# Paul Buff White lightning 1200 ultra or Impact VSLCD-400



## archies studio (Nov 7, 2012)

So, I have been introduced into of camera lighting and now am at a point where I am thinking of buying my own. I started by looking at BHphotovideo website and found this a kit i was interested in. I have had experience with impact brand lighting and seemed to like their simplicity. the kit I am talking about is the 2 Impact vs-lcd400 strobes with stands, softboxes, remote, and a few minor odds and ends. BH sells this kit for $650.00. Well I was going to buy the kit but decided to look on the local craigslist. here I found a fellow photog selling 2 White lighting 1200 ultras with stands, honeycomb grid, white lightning RC-1 remote, and extra flash tubes.
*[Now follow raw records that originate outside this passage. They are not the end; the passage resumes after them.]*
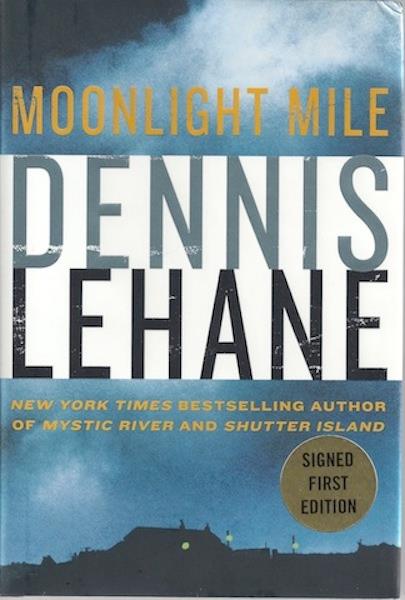 Moonlight Mile (Kenzie and Gennaro)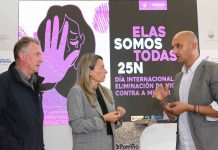 O Porriño propone una programación anual contra la violencia machista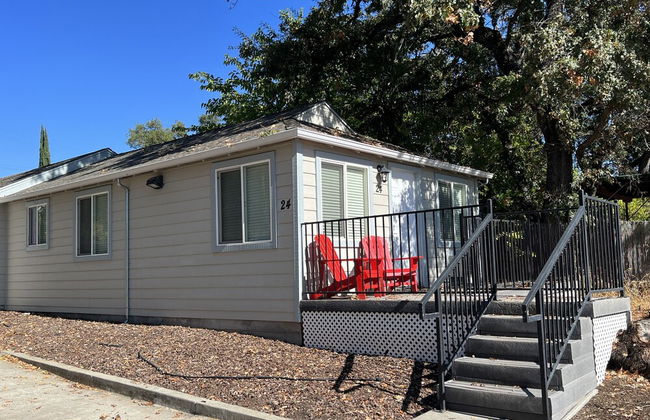 Clear Lake Cottages & Marina - Foto 15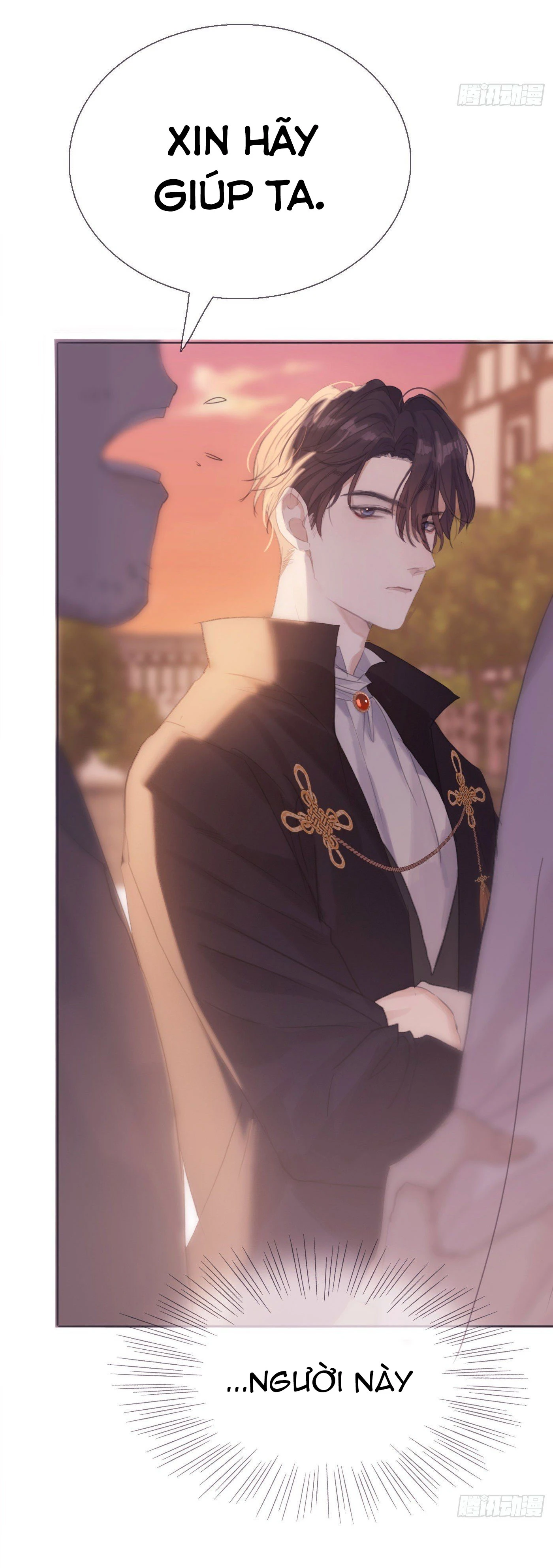 Thỉnh Cùng Ta Đồng Miên-Xin Hãy Ngủ Cùng Ta Chapter 7 - 7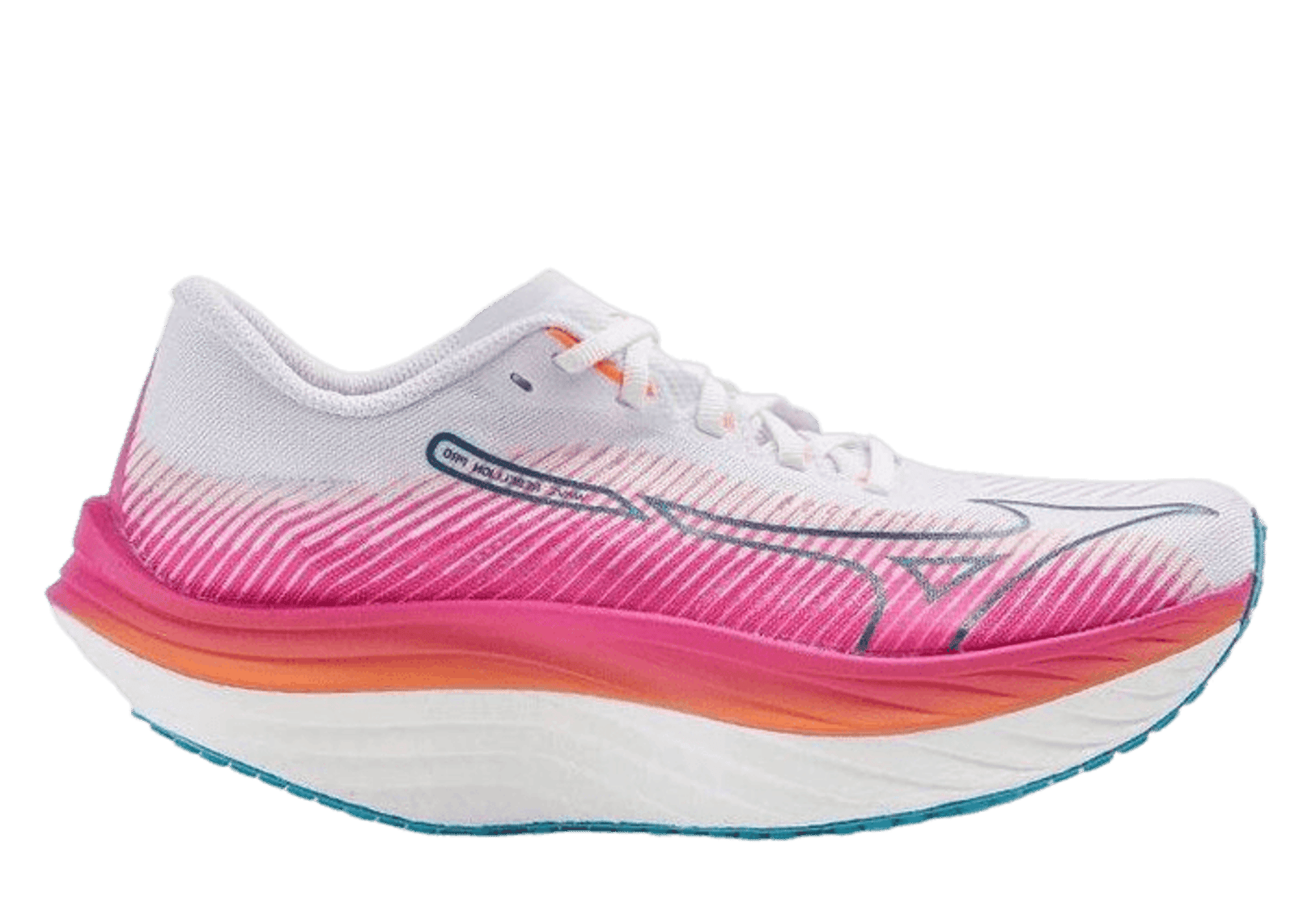 Mizuno WAVE REBELLION PRO White (W)
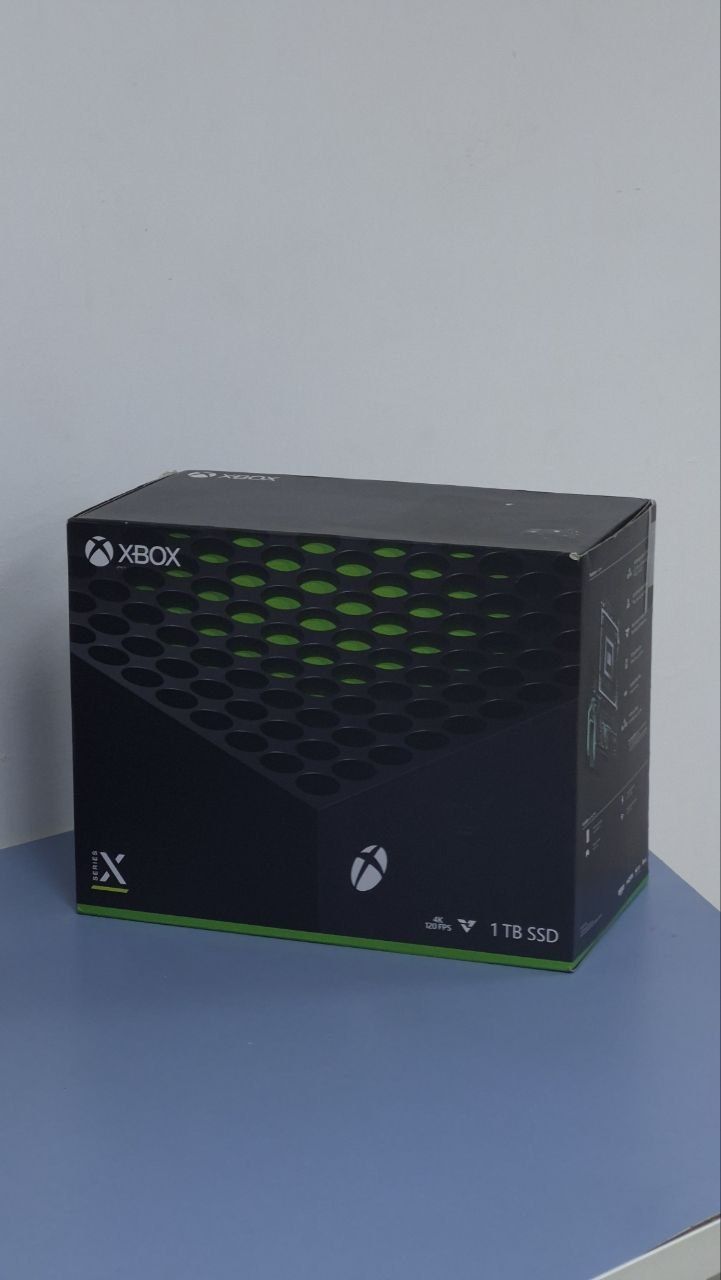 Приставка Xbox Series X | 1Tb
He is selling this kit for $500.00

I which deal should I settle for?


----------



## MLeeK (Nov 7, 2012)

Well, the white lightnings are 600WS and the Impacts are 400. 
If you feel you'll need the extra WS then I'd definitely go with the WL's. I LOVE my WL's.


----------



## Sw1tchFX (Nov 7, 2012)

Rent it. Unless you see yourself using lights more than 10 times out of the year, it's cheaper and you won't be using White Lightening or Impact garbage.


----------



## archies studio (Nov 8, 2012)

Thank you for your input. I woke up today and had an epiphany along the lines of what Sw1tchFX said. I already have to sb900 strobes so I decided to just invest in more gear like the SU800 the other odds and ends. I thank you all for the wonderful input you had for me.


----------